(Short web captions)
Start of Block
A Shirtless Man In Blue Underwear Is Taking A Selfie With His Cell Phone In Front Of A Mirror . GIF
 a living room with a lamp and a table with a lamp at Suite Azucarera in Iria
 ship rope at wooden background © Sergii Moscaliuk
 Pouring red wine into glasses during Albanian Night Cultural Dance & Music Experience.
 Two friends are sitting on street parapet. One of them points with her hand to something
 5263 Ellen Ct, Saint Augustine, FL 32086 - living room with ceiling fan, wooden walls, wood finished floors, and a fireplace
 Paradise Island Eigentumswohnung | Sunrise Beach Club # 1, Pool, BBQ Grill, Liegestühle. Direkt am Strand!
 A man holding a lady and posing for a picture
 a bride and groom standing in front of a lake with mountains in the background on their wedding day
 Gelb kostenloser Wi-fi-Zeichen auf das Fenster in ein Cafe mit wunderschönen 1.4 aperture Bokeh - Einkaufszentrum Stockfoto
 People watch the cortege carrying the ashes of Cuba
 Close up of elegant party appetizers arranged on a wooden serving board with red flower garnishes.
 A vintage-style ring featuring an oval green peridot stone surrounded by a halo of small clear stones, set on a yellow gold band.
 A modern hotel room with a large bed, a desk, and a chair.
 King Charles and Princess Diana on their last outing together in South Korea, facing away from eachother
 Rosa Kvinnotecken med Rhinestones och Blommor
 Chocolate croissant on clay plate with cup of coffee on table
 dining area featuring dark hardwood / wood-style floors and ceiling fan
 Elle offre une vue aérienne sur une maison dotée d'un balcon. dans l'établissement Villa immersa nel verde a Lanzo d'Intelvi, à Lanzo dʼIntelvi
End of Block
=== YOUR GOAL ===
Copy each entry above exactly, leaving nothing out.

=== EXERCISE OUTPUT ===
A Shirtless Man In Blue Underwear Is Taking A Selfie With His Cell Phone In Front Of A Mirror . GIF
 a living room with a lamp and a table with a lamp at Suite Azucarera in Iria
 ship rope at wooden background © Sergii Moscaliuk
 Pouring red wine into glasses during Albanian Night Cultural Dance & Music Experience.
 Two friends are sitting on street parapet. One of them points with her hand to something
 5263 Ellen Ct, Saint Augustine, FL 32086 - living room with ceiling fan, wooden walls, wood finished floors, and a fireplace
 Paradise Island Eigentumswohnung | Sunrise Beach Club # 1, Pool, BBQ Grill, Liegestühle. Direkt am Strand!
 A man holding a lady and posing for a picture
 a bride and groom standing in front of a lake with mountains in the background on their wedding day
 Gelb kostenloser Wi-fi-Zeichen auf das Fenster in ein Cafe mit wunderschönen 1.4 aperture Bokeh - Einkaufszentrum Stockfoto
 People watch the cortege carrying the ashes of Cuba
 Close up of elegant party appetizers arranged on a wooden serving board with red flower garnishes.
 A vintage-style ring featuring an oval green peridot stone surrounded by a halo of small clear stones, set on a yellow gold band.
 A modern hotel room with a large bed, a desk, and a chair.
 King Charles and Princess Diana on their last outing together in South Korea, facing away from eachother
 Rosa Kvinnotecken med Rhinestones och Blommor
 Chocolate croissant on clay plate with cup of coffee on table
 dining area featuring dark hardwood / wood-style floors and ceiling fan
 Elle offre une vue aérienne sur une maison dotée d'un balcon. dans l'établissement Villa immersa nel verde a Lanzo d'Intelvi, à Lanzo dʼIntelvi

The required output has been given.